§ **EXERCISE OBJECTIVE**: Repeat the data that follows in full. Do not include the pictures.
------------------------------------
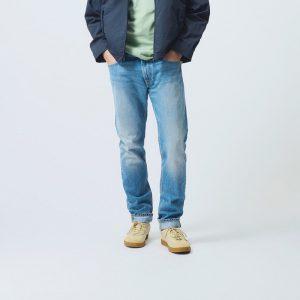 Shop 6 28 Marzo 2026 Jeans Cult re-search Collins Roy Roger's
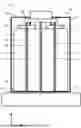 Fig. 01 - SECONDARY BATTERY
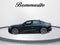 2026 Audi S5 Premium Plus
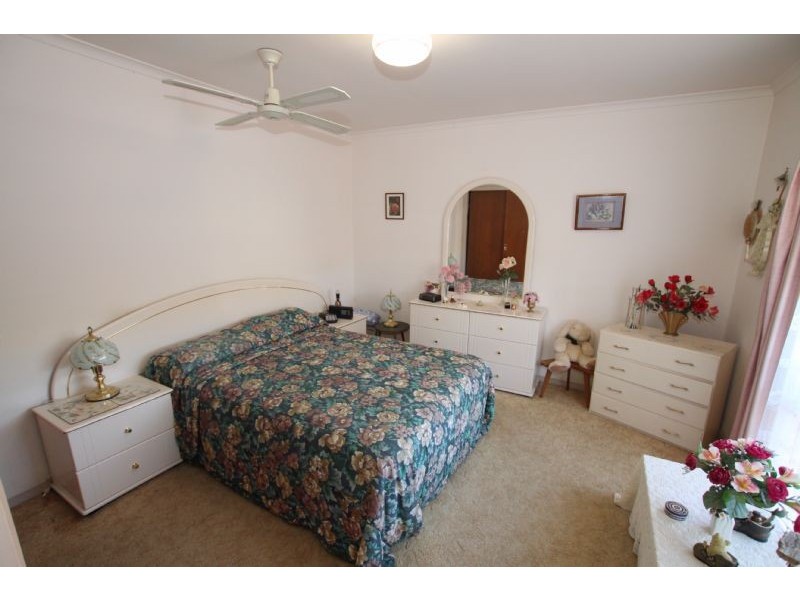 Koo Wee Rup VIC 3981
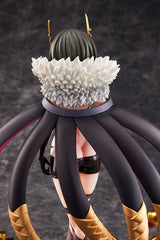 So I'm a Spider, So What? PVC Statue 1/7 Arie 4981932517636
------------------------------------
§ **WORKED SOLUTION**:
 Shop 6 28 Marzo 2026 Jeans Cult re-search Collins Roy Roger's
 Fig. 01 - SECONDARY BATTERY
 2026 Audi S5 Premium Plus
 Koo Wee Rup VIC 3981
 So I'm a Spider, So What? PVC Statue 1/7 Arie 4981932517636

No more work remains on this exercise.